- [BRIEF]
Below are the records; repeat exactly their lines between the line holding "Editorial portrait of" and the line holding "A gold plated", inclusive, skipping the pictures.

- [SUPPLIED DATA]
· · ·

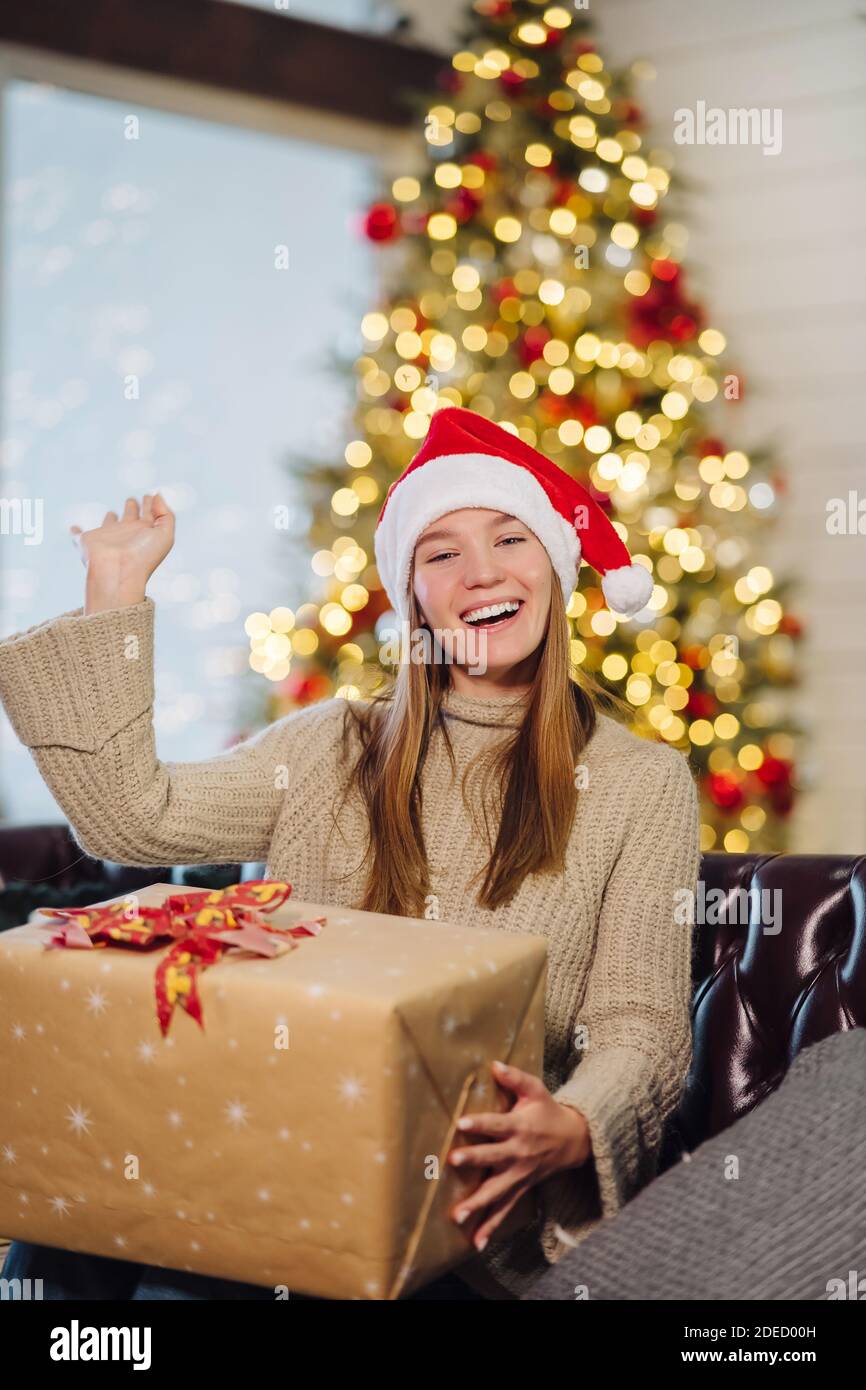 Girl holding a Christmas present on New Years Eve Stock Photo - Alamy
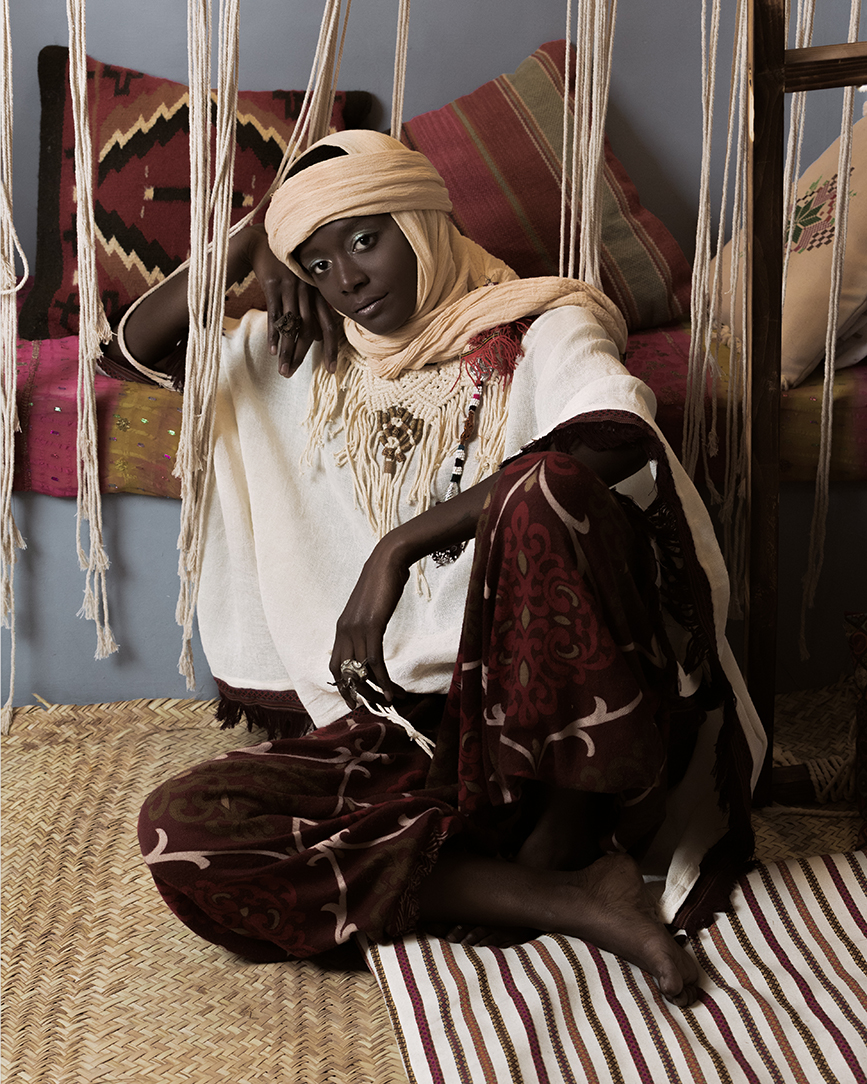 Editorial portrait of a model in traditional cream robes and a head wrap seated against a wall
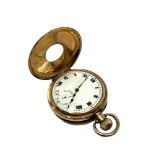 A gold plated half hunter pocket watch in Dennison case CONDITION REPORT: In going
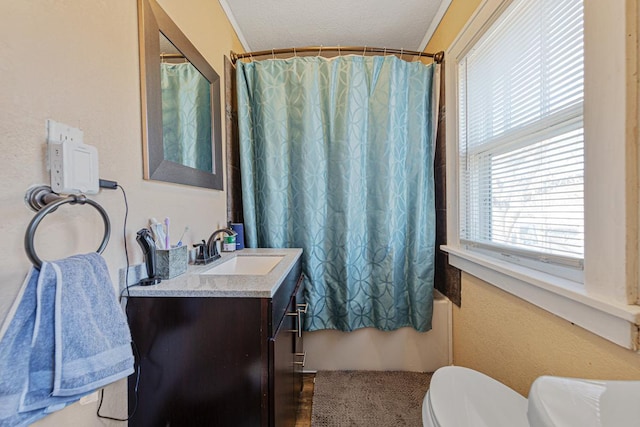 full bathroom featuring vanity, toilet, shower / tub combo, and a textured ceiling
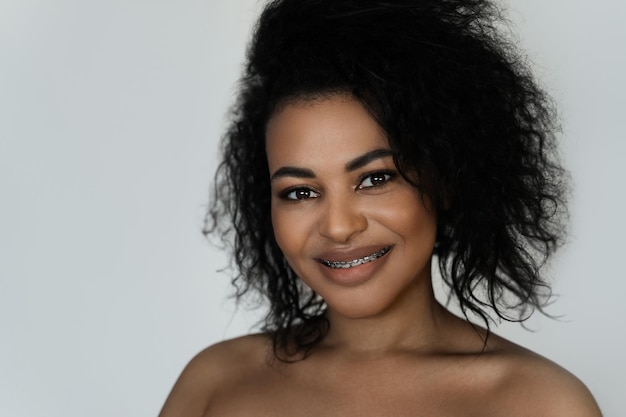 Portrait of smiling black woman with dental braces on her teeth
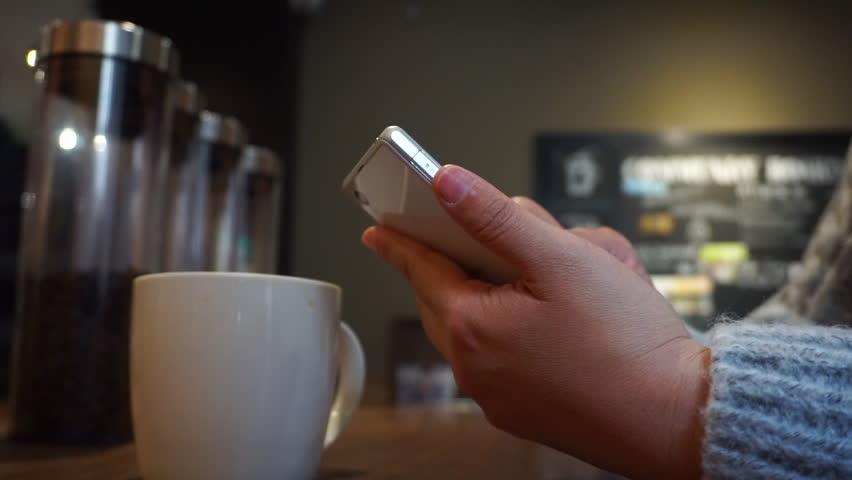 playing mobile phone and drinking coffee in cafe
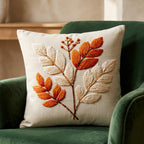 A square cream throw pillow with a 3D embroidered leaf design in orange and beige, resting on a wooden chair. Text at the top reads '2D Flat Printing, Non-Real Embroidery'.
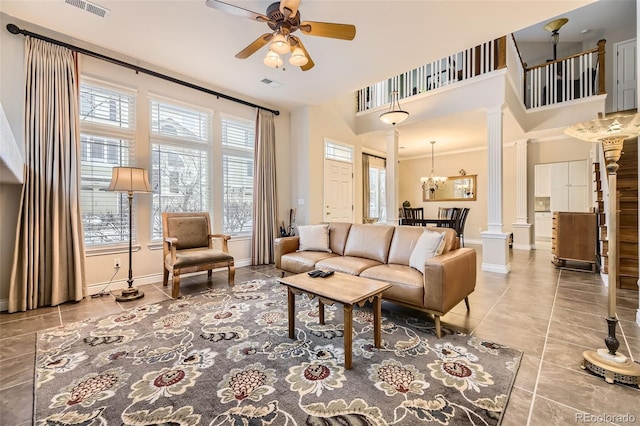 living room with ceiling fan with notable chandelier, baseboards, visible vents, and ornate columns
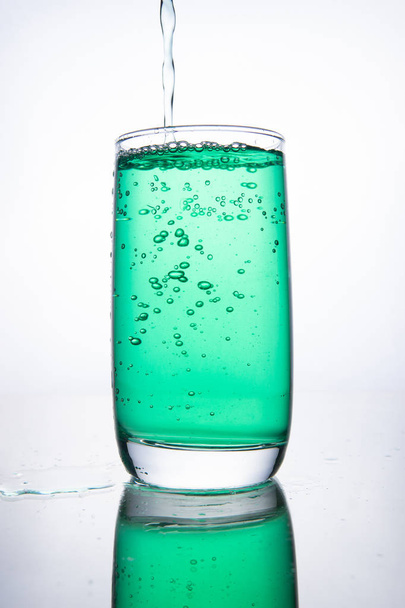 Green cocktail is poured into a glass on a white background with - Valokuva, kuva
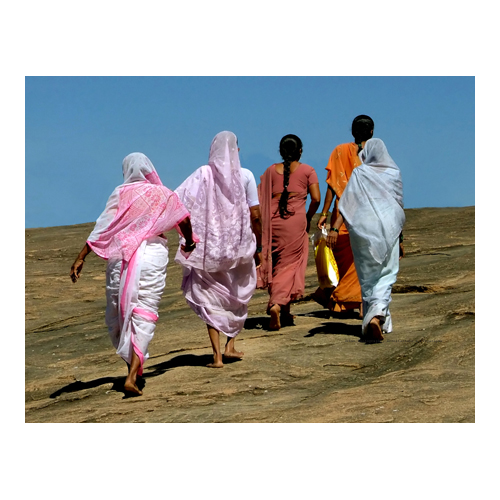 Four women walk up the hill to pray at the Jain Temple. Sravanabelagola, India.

· · ·

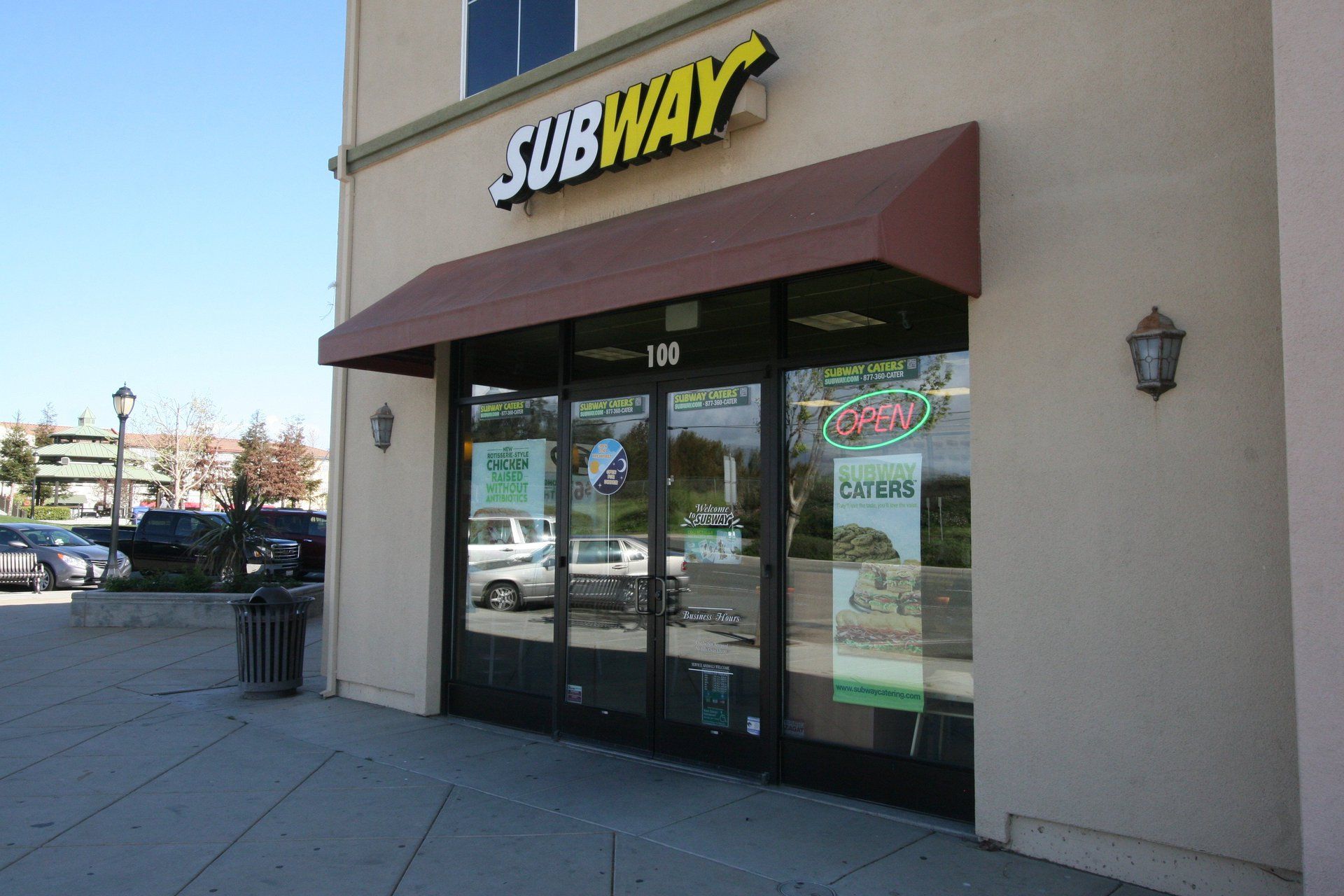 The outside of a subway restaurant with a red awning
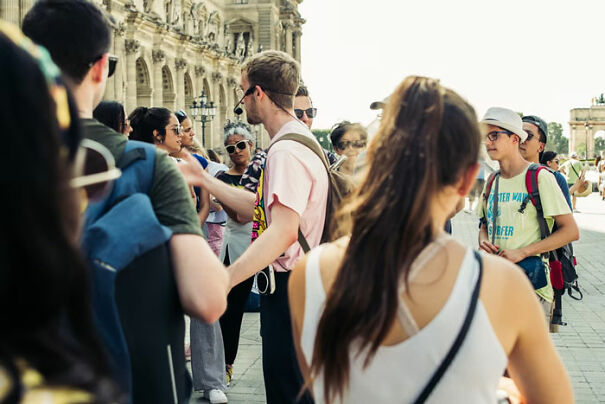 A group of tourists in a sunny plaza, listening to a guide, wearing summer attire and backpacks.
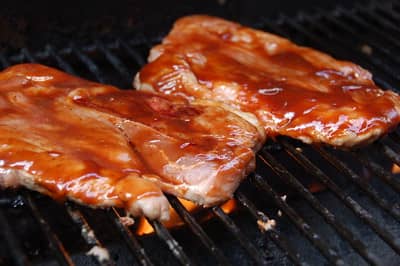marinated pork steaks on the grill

· · ·

- [RESPONSE TO THE EXERCISE]
 Editorial portrait of a model in traditional cream robes and a head wrap seated against a wall
 A gold plated half hunter pocket watch in Dennison case CONDITION REPORT: In going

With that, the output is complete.